Les « grippes » du capitalisme mondialisé

Tract du Mouvement Pour le Socialisme (MPS) suisse

Ce 1er Mai 2009 peut être placé sous le signe de la contagion de crises liées entre elles. La pandémie de la grippe porcine ne peut être séparée de trois problèmes.

1° Les politiques de santé publique ont été affaiblies depuis longtemps. Priorité a été donnée : au secteur privé « rentable » ; aux opérations de charité de multimilliardaires (Fondation Bill-et-Melinda-Gates) ; aux exigences des géants de l’industrie pharmaceutique qui protègent la production de leur médicament et de leurs profits (le Tamiflu de Roche, par exemple).

2° Pour combattre une pandémie, les pouvoirs ont construit des « murs sanitaires » autour des pays riches. Il fallait aider à l’extension d’infrastructures dans les « pays pauvres ». Et la combiner avec une participation active et renseignée de la population à la gestion de sa santé. En saignant la population qui paie une dette illégitime (par des impôts injustes sur la consommation) aux grandes banques impérialistes, les inégalités sociales se sont accrues.
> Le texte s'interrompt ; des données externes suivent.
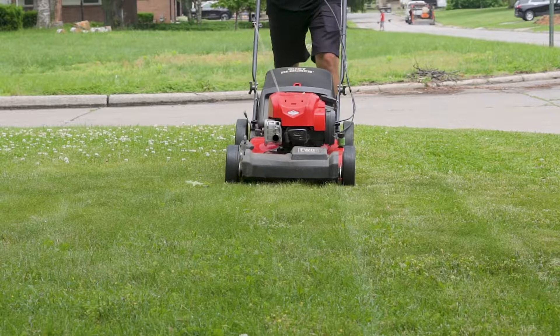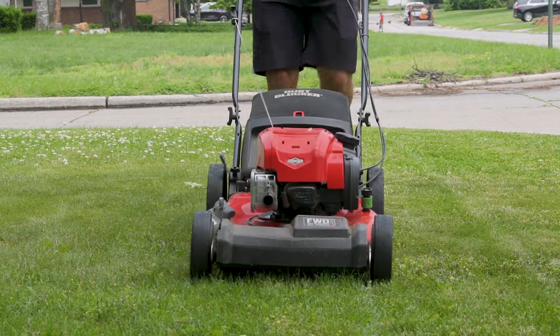I know what some of you are thinking: 'I'm going to let my seed heads grow tall and then when I mow it, it'll be like overseeding my lawn.' Well, that would be wrong — those seeds are not viable yet.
Or, les pandémies sélectionnent socialement leurs victimes.

3° Les dominants ont ignoré les mises en garde de scientifiques contre le développement de cette grippe porcine. Il était plus rentable de pratiquer l’élevage industriel de milliers de porcs, traités aux antibiotiques et facilitant ainsi l’apparition de virus mutants. Des élevages contrôlés, en bout de chaîne, pas des géants de l’agro-alimentaire.
D’autres « grippes »

• Sont évidents les traits analogues entre cette pandémie et la contagion qui a frappé – depuis 2007 et mondialement – le secteur financier et industriel avec des centaines de milliers de victimes. Elles ont pour nom : « licenciée » et « sans-emploi ».

• Des régions entières du monde sont soumises : à la déforestation ; à la destruction de leurs ressources minières avec, en prime, des terres infestées de produits mortels durant des générations ; à la destruction des ressources des mers et des océans par des « navires-usines » ruinant des centaines de milliers de petits pêcheurs ; aux effets du réchauffement climatique qui va engloutir des terres agricoles et chasser des populations qui les habitent et les cultivent, déjà avec difficulté.

• La « crise alimentaire » plonge dans les affres de la sous-nutrition – et donc de la fragilité face à des maladies curables – quelque 950 millions d’êtres humains, avant tout des paysans pauvres vivant à la campagne ou contraints de migrer vers des bidonvilles, alors que des terres agricoles sont aujourd’hui massivement achetées. Ces migrant·e·s fournissent au système mondialisé d’exploitation une main-d’œuvre taillable et corvéable à merci. Ils sont aussi la cible de discrimination et de répressions administratives et policières.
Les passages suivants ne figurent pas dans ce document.